Nakamura Eisaku, Nakamura Kunihide, Niina Katsuhiko, Kazushi Kojima, Ishii Hirohito, Md Akira Ishihara, Kubo Hirohide, Satoru Imakiire
Department of Cardiovascular Surgery, Miyazaki Prefectural Nobeoka Hospital, Nobeoka, Miyazaki, Japan.
Ann Thorac Cardiovasc Surg. 2010 Aug;16(4):294-6.

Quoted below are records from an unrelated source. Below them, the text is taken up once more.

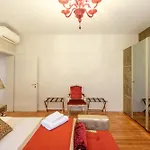 Casa Verona *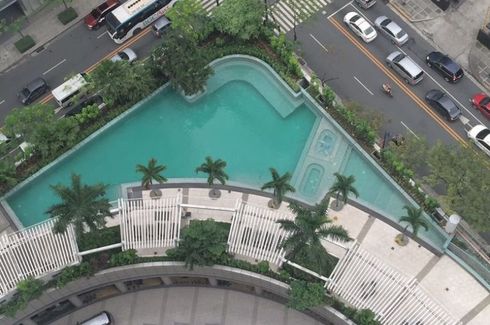 3 Bedroom Condo for sale in One Mckinley Place, Taguig, Metro Manila
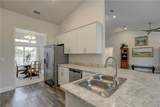 1351 Laconia Street - Photo 15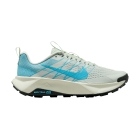 Nike Wildhorse 10 - Sea Glass/Baltic Blue/Black Spruce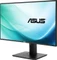 ASUS ProArt PA328Q, 32" Vorschaubild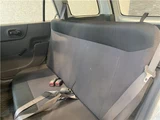2010 Nissan AD VE Sedan for sale, Japanese used car export - photo 22 of 29 | GULJI TRADERS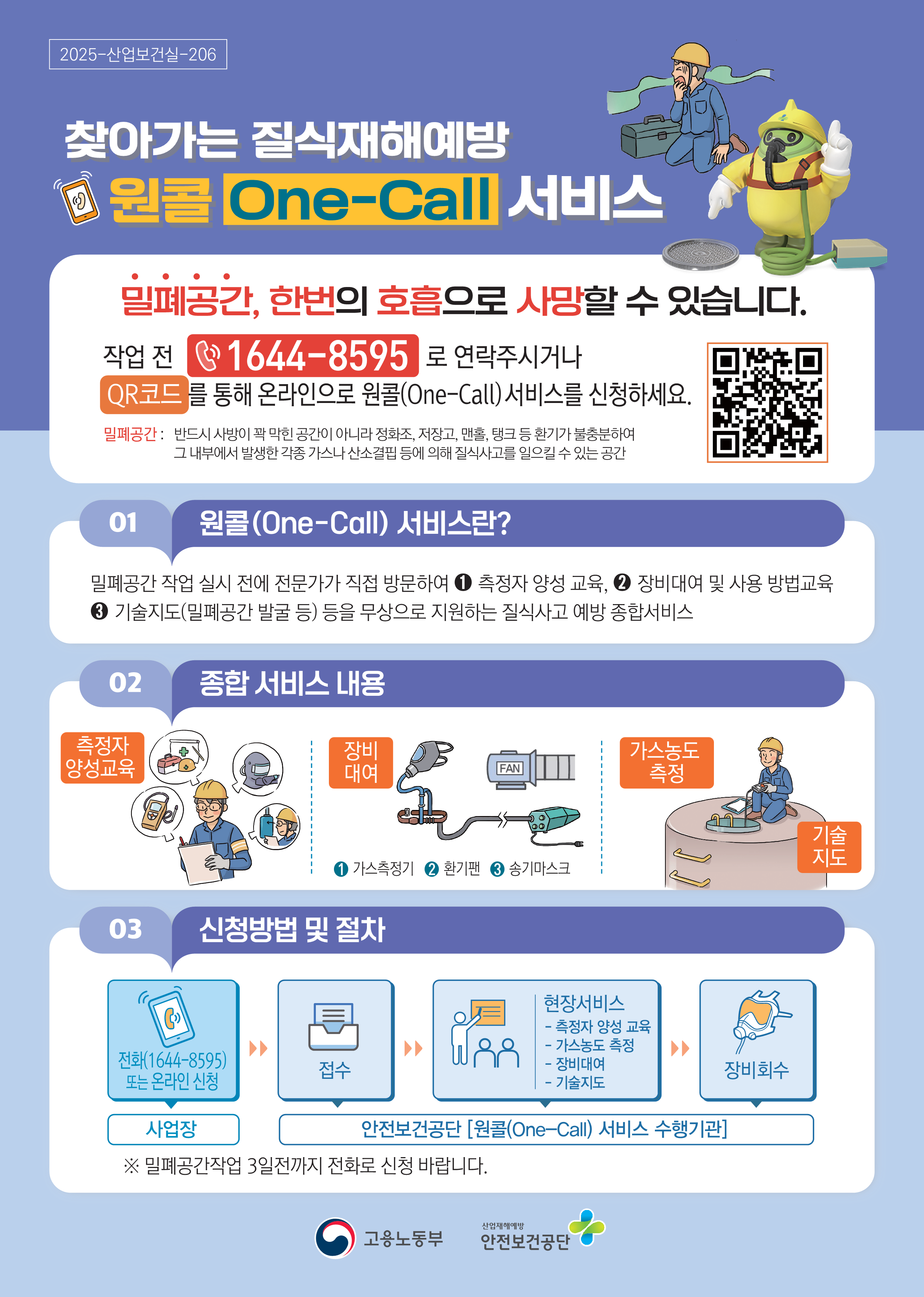 5.찾아가는 질식재해예방 원콜서비스 OPS_1
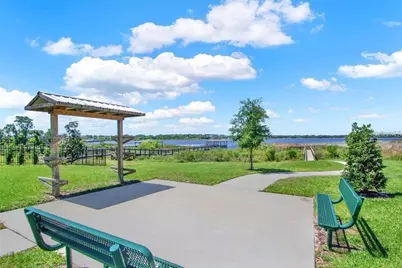 3447 Current, Winter Garden, FL 34787 - Photo 46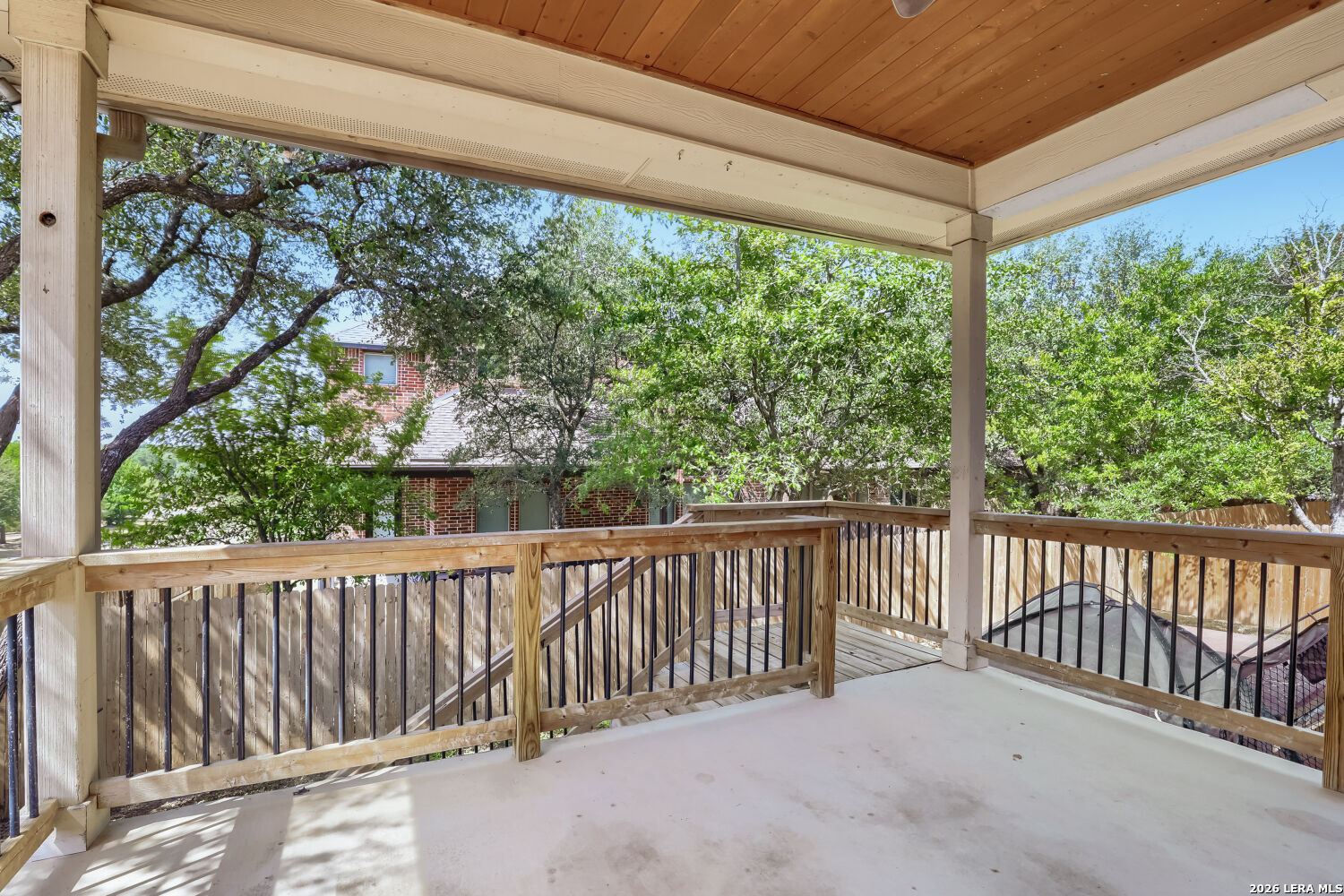 26903 Camellia Trace Boerne TX 78015
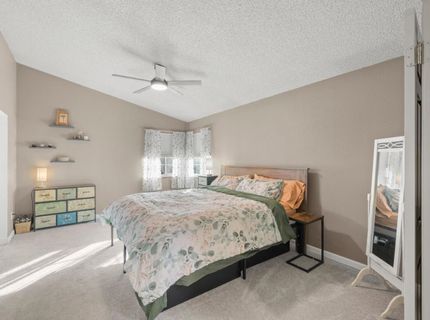 8169 Chenin Blanc Ln, Fair Oaks, CA 95628 Photo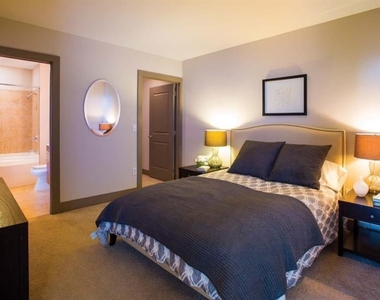 2171 Peachtree Road - Photo Thumbnail 6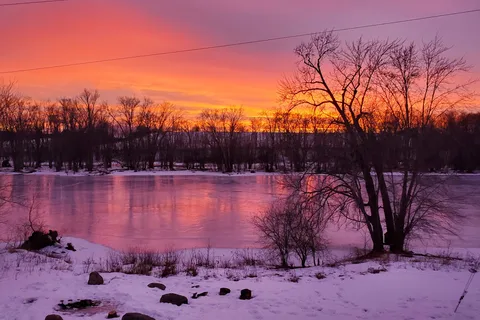 Kawartha Trails Resort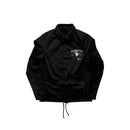 AMNESIA WINDBREAKER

A 62-year-old man with a history of hypertension complained of cough and dyspnea and was admitted to a family doctor. He was transferred to our hospital for further investigation and therapy, a result of his doctor's suspicions of aortic regurgitation (AR) with infective endocarditis. During the operation, acute AR was found to be caused by dehiscence of the aortic valve commissures, and the valve was replaced with a mechanical valve. Postoperative course was uneventful. We reviewed reported cases of acute AR resulting from dehiscence of the aortic valve commissures.
一名有高血压病史的62岁男性主诉咳嗽和呼吸困难,入住一名家庭医生处。由于其医生怀疑有主动脉瓣反流(AR)合并感染性心内膜炎,他被转至我院作进一步检查和治疗。手术中发现急性AR是由主动脉瓣连合处裂开所致,遂用机械瓣膜替换了该瓣膜。术后过程顺利。我们回顾了已报道的由主动脉瓣连合处裂开导致急性AR的病例。